Kayode Soremekun is a Nigerian academic, author, and the third vice chancellor of Federal University Oye Ekiti, Ekiti State. He assumed duty after the sacking of professor Isaac Asuzu by President Mohammadu Buhari who took over from Professor Chinedu Nebo, the pioneer Vice Chancellor

==Early life ==
Soremekun attended Nigeria's premier secondary grammar school, King's College Lagos, from 1967 to 1971. He attended the University of Ife now Obafemi Awolowo University where he obtained a B.A. English/History and a M.Sc. and Ph.D. in International relations. The Ph.D. was on Nigeria's petroleum policy and international relations. Soremekun undertook postdoctoral studies at the Institute of Social Studies in The Hague, Netherlands and the University of Maryland College Park, US where he studied international law and the US foreign policy process, respectively.

==Career==
Soremekun worked in several universities in Nigeria, including Obafemi Awolowo University, University of Lagos, Covenant University and the National Open University of Nigeria.
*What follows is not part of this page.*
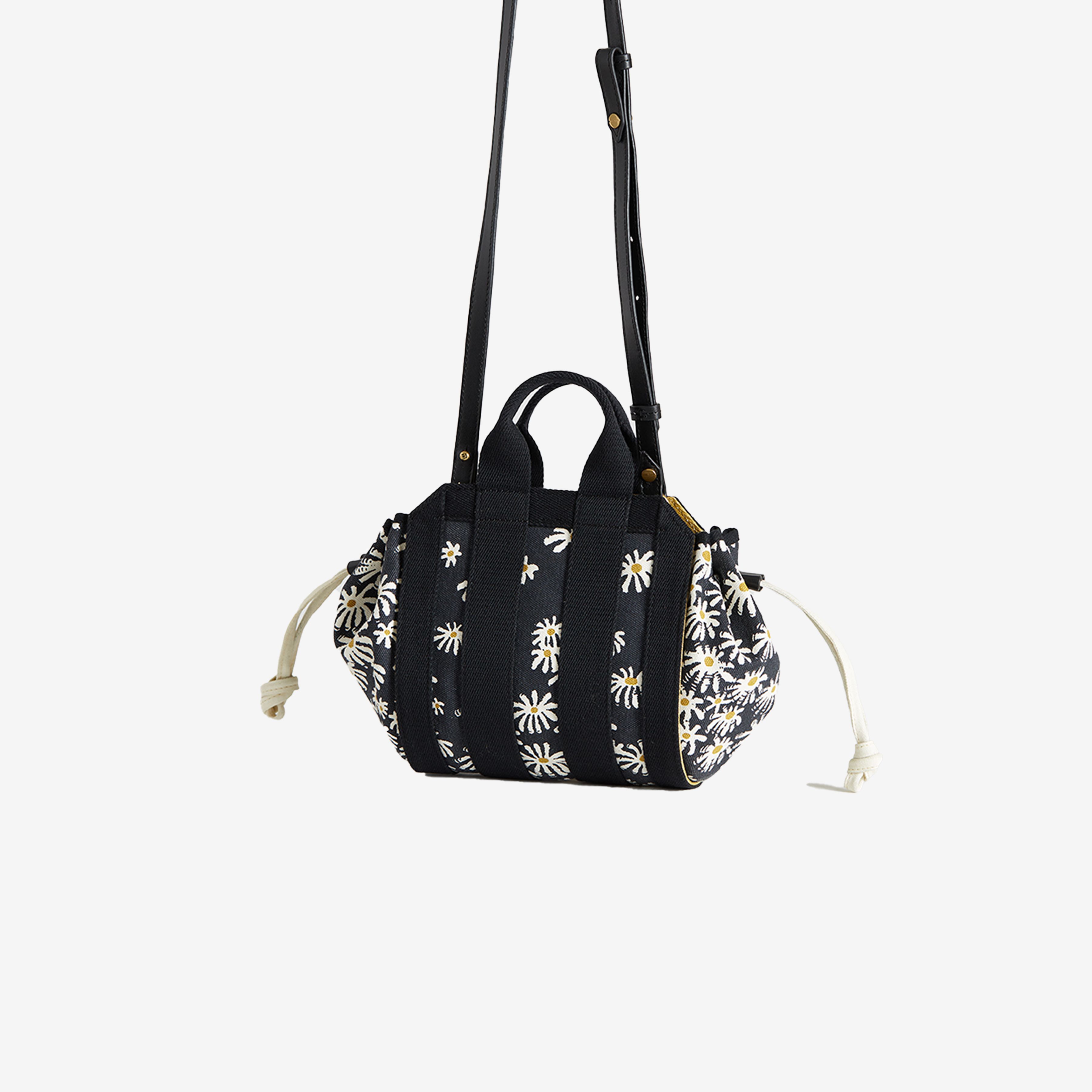 Croisiere Bag M - Pampa - Black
During tenure as Vice Chancellor in Federal University Oye, he added eleven Faculties. It offers virtually all the courses on offer in Nigeria's First Generation Universities. He was commended by the University Council, and very much the same commendation was in his exit letter from the university.

He retired from Obafemi Awolowo University as Dean. In his memoirs he referred to the fact that a refurbishment of the Faculty of Administration took place courtesy of the funds that he was able to source from Nigerian Breweries Limited. Faculties including Law, Social Sciences, and Education followed suit.

== Works ==
Soremekun has edited several books, including Governance and Democratization in Nigeria (1995), and Nigeria's Second Republic (1988).
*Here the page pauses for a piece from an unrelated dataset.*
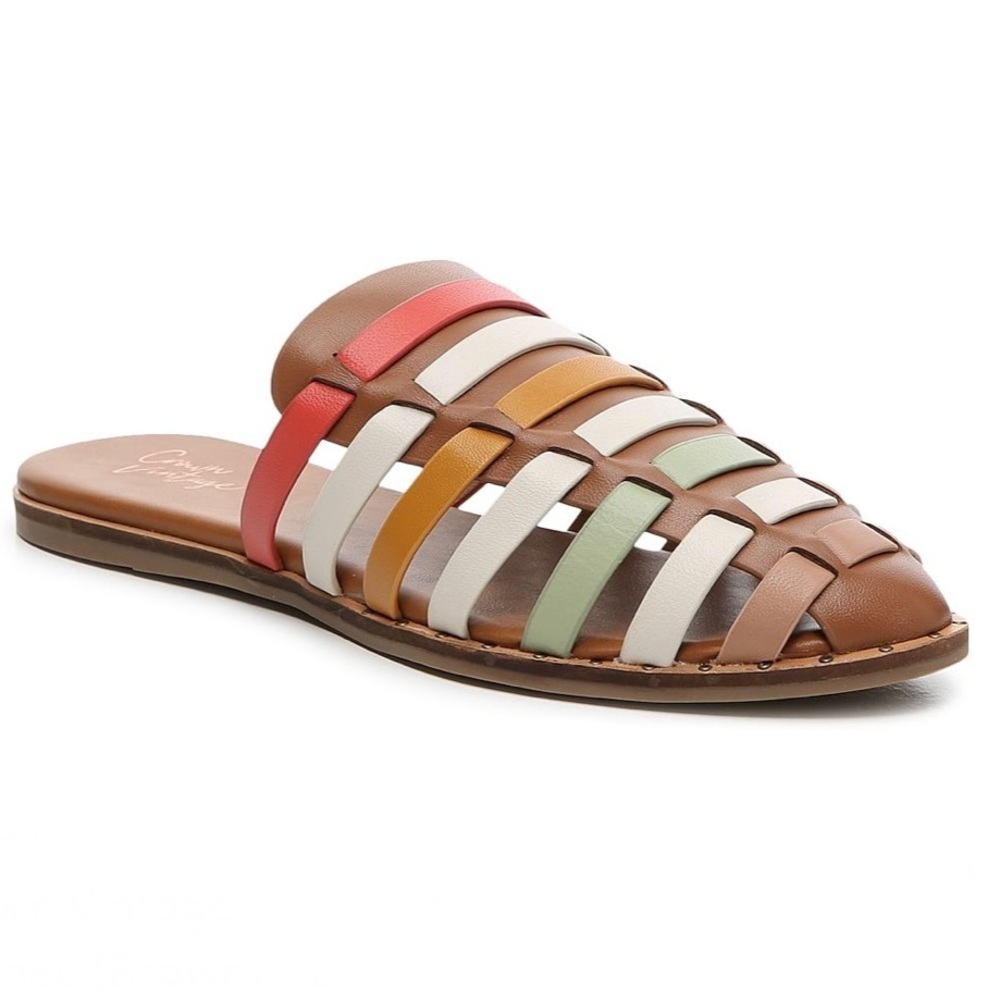 Crown Vintage Vaishali Mule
He also worked as a staff writer in political affairs, for Federal Radio Corporation of Nigeria, and for Times International and Daily Times of Nigeria. He served on the editorial board of Daily Times Lagos. He was an editorial training instructor for Times Newspaper Training Centre, Daily Times Lagos. He was a visiting editorial board member of The AM News, a pro-democracy, quasi-guerilla newspaper during military rule in Nigeria. He worked as a visiting editorial board member of The Guardian and The Compass newspapers. Prior to his assumption of office as Vice-Chancellor he served as chairman of the editorial board of Business Day, a daily business newspaper in Nigeria.

Soremekun has published journal articles on inter-related areas of conflict, petroleum politics, and energy resources.
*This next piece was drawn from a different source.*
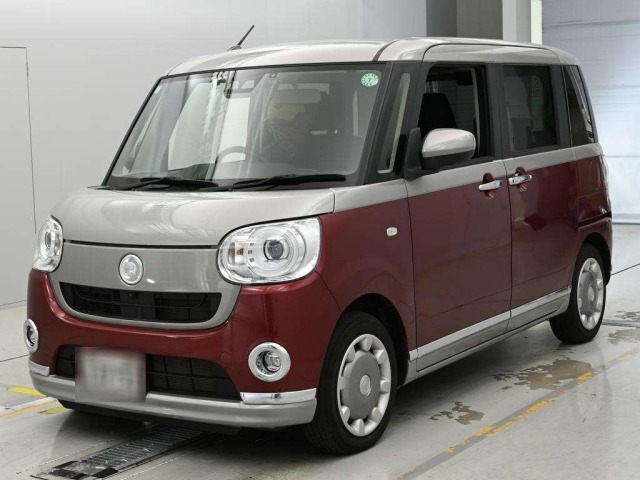 Daihatsu MOVE CANBUS 2021 7301214-0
He has around 50 peer-reviewed  publications. Soremekun served as External Examiner to the University of Ghana, Legon. He has also served as a Visiting Lecturer in the Peace Studies Program in the Universitat Jaime 1 in Castellon, Spain.

==Recognition==

- Scholarship student in Kings College, Lagos. (1967 -1971)
- National Scholar Award, (1973 - 1976)
- Ford Foundation Scholar (1991)
- Senior Fulbright Research Scholar (2003)
- Resident Rockefeller Scholar in Bellagio Italy (2003)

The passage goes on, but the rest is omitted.